In the early stages of the election, The New York Observer reported that Wikipedia's article on Trump was the busiest of the 2016 U.S. presidential candidates. The New York Times noted that the article usually attracted more views than his Republican rivals. In September 2016, Business Insider reported that the article subject was one of the 29 most controversial people on Wikipedia, and the following month The New York Observer reported that the article entry was bulkier than either the articles on George W. Bush and Barack Obama, while The Washington Post reported that the article had more than three times the number of edits compared to Hillary Clinton since January 2015.

== Hillary Clinton ==

In her 2017 memoir What Happened, Clinton argued that the media was one of several contributing factors to her loss.

Analyses by Columbia Journalism Review, the Berkman Klein Center for Internet and Society at Harvard University, and the Shorenstein Center at the Harvard Kennedy School show that the Clinton email controversy received more coverage in mainstream media outlets than any other topic during the 2016 presidential election. The New York Times coverage of the email controversy was notoriously extensive; according to a Columbia Journalism Review analysis, "in just six days, The New York Times ran as many cover stories about Hillary Clinton's emails as they did about all policy issues combined in the 69 days leading up to the election (and that does not include the three additional articles on October 18, and November 6 and 7, or the two articles on the emails taken from John Podesta)." In attempting to explain the lopsided coverage, the Columbia Journalism Review speculates, "In retrospect, it seems clear that the press in general made the mistake of assuming a Clinton victory was inevitable, and were setting themselves as credible critics of the next administration."

Media commentators drew comparisons of Clinton's email usage to past political controversies. Pacific Standard magazine published an article in May 2015, comparing the email controversy and her response to it with the Whitewater investigation 20 years earlier.

Hillary Clinton also received significant negative attention over the 'basket of deplorables' incident where Hillary labelled half of Trump's supporters as deplorable. Furthermore, her past scandals such as Benghazi and the persistent email scandal led to Hillary being dogged throughout the campaign with 'Crooked Hillary'.

Among the DNC material published by WikiLeaks in 2016 were emails showing that CNN contributor Donna Brazile shared questions with the Clinton campaign prior to debates during the DNC primaries. Brazile resigned from CNN in October 2016 due to the revelations.

=== Gender bias in media ===
The issue of gender played a major role in the outcome of the 2016 presidential election. Hillary Clinton became subject to enormous media interest specifically regarding her gender and it affected her campaign and electability in a negative way. The women's card is a term that was used significantly in the 2016 presidential election by the media.

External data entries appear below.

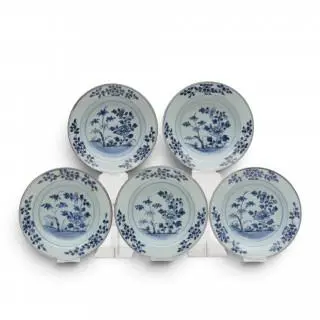 China, a set of five small blue and white porcelain deep dishes, 18th century – kavel bij Veilinggebouw De Zwaan, Amsterdam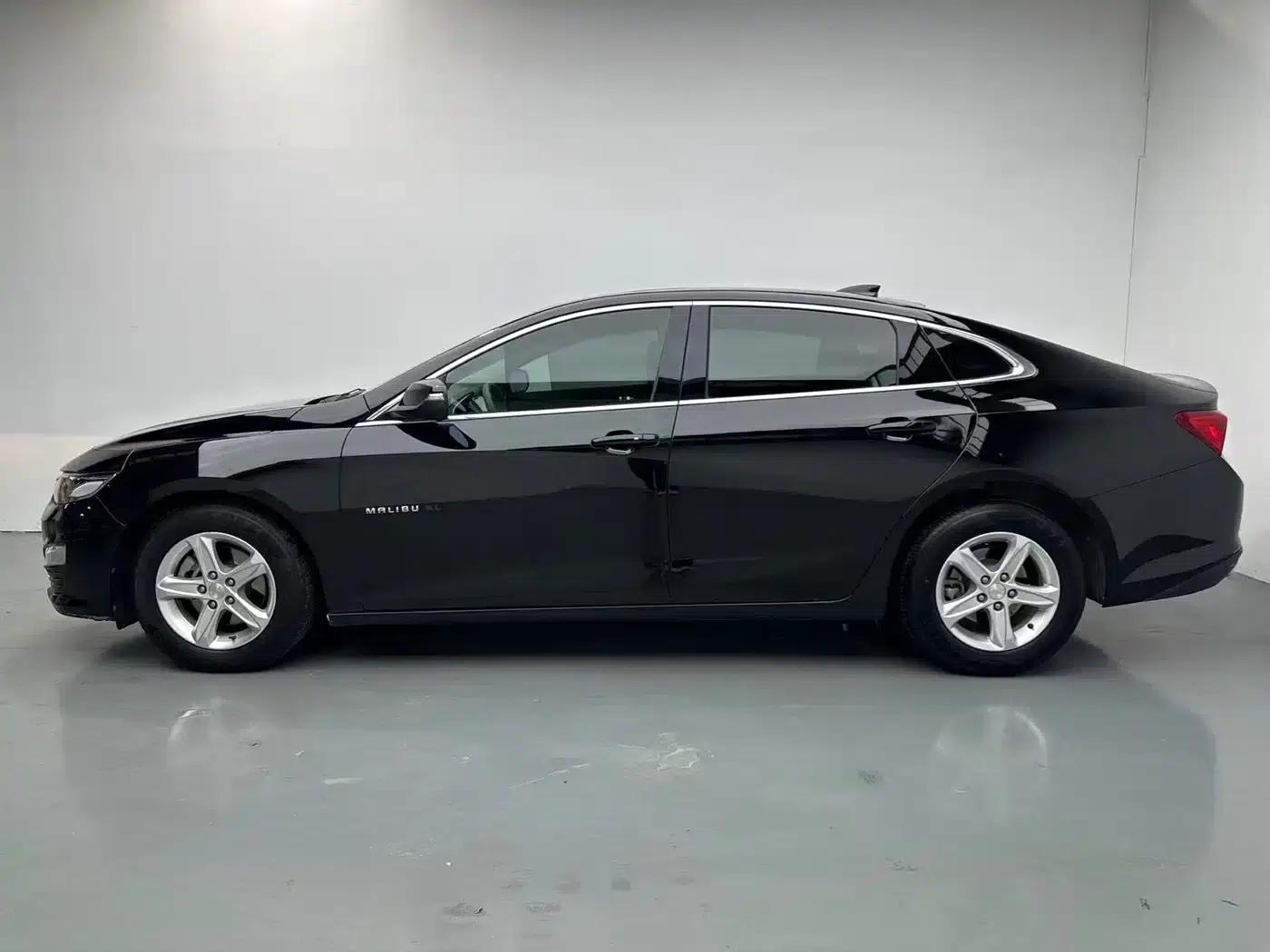 2020 Chevrolet Malibu XL 535T CVT Sharp Edition — миниатюра 3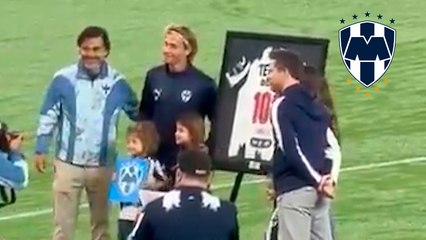 Sergio Canales recibe homenaje previo al juego entre Rayados y América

It started when the Republican presidential candidate Donald Trump accused Hillary Clinton of “playing the women's card” and stated that "if Hillary Clinton were a man, she wouldn’t get 5 percent of the vote."

Trump's statement was interpreted by the media as saying Clinton somehow has an unfair advantage because she was a woman. In the 2016 election, Clinton leaned into her gender as an asset and highlighted that her being in office would break the glass ceiling for future female candidates. The media accused Clinton of attempting to appeal to voters by invoking her gender to distinguish herself. There was a study conducted that looked into the characteristics of the ideal president. The study found that the characteristics associated with the role tend to be more masculine rather than feminine traits. The candidate had to display masculine traits to be in such a leadership position and they also had to fit into their own gender role to be liked. Politics is still a heavily gendered arena, dominated by male political actors and masculine behaviours. From the first time she announced her intentions to run for president, Clinton highlighted her commitment to inclusion and nurturing values, which are more typically feminine characteristics. As often stated in analysis of this topic, “women are taken most seriously when they put themselves into traditionally masculine roles such as politics but only on behalf of traditionally feminine values.” This was a constant barrier that Clinton faced throughout her campaign, as the media and her opponents criticized her for not portraying enough feminine characteristics. In the case of Trump, he embraced his masculine characteristics and was praised for them because it was congruent with presidential characteristics.  According to this study, the ideal feminine characteristics for women and the masculine characteristics of a president are incompatible. Clinton leaned more into the masculine characters and did not represent her femininity to the same degree that Trump embraced masculinity. Research suggests that women have to be just enough masculine to be strong leaders but also feminine enough to be liked. A majority of her masculine traits were showcased by the media in a negative light.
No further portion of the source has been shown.